**Exercise prompt**
Give again, exactly and only, the lines running from the one with "Chú ý vệ sinh" to the end of the material below; leave out pictures.

**Given data**
----------------
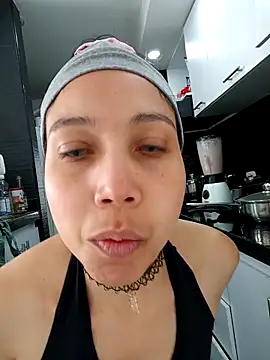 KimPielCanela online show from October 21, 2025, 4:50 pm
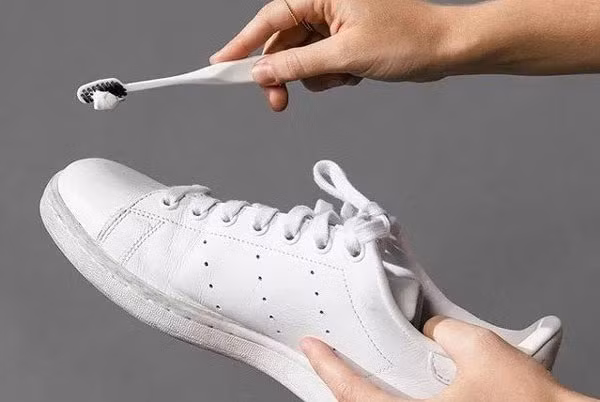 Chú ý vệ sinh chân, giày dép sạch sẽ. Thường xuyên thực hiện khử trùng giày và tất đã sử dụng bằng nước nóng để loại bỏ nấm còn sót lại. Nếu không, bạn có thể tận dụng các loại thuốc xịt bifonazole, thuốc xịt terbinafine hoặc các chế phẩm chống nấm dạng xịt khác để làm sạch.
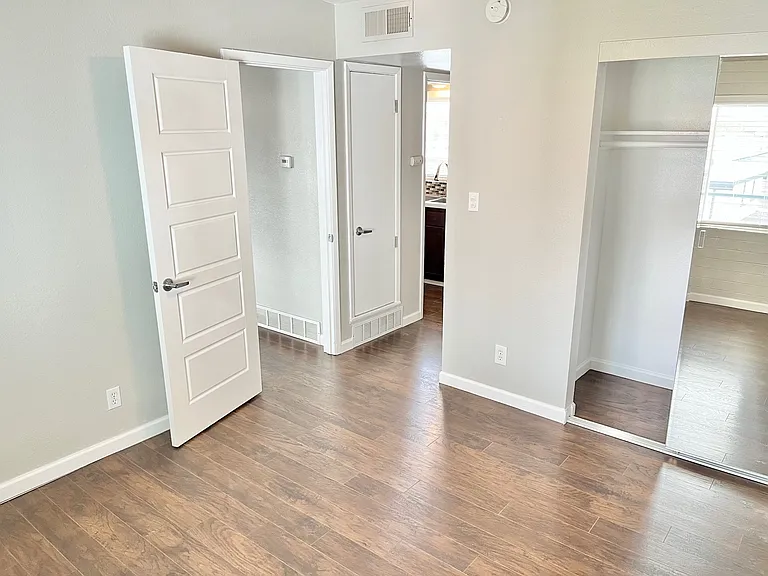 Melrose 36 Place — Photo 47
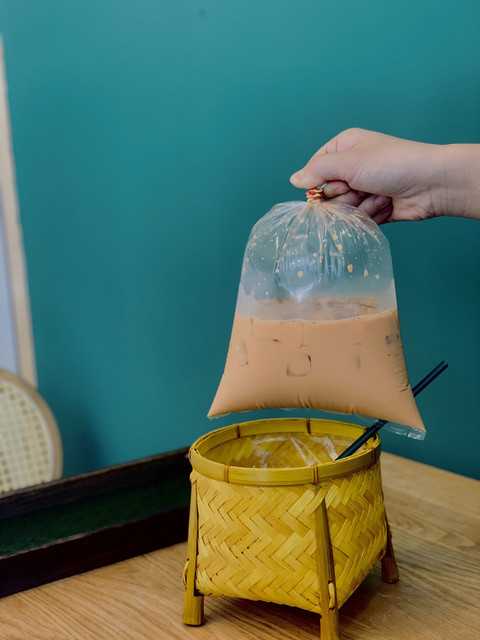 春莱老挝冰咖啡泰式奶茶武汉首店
----------------
**Result of the exercise**
 Chú ý vệ sinh chân, giày dép sạch sẽ. Thường xuyên thực hiện khử trùng giày và tất đã sử dụng bằng nước nóng để loại bỏ nấm còn sót lại. Nếu không, bạn có thể tận dụng các loại thuốc xịt bifonazole, thuốc xịt terbinafine hoặc các chế phẩm chống nấm dạng xịt khác để làm sạch.
 Melrose 36 Place — Photo 47
 春莱老挝冰咖啡泰式奶茶武汉首店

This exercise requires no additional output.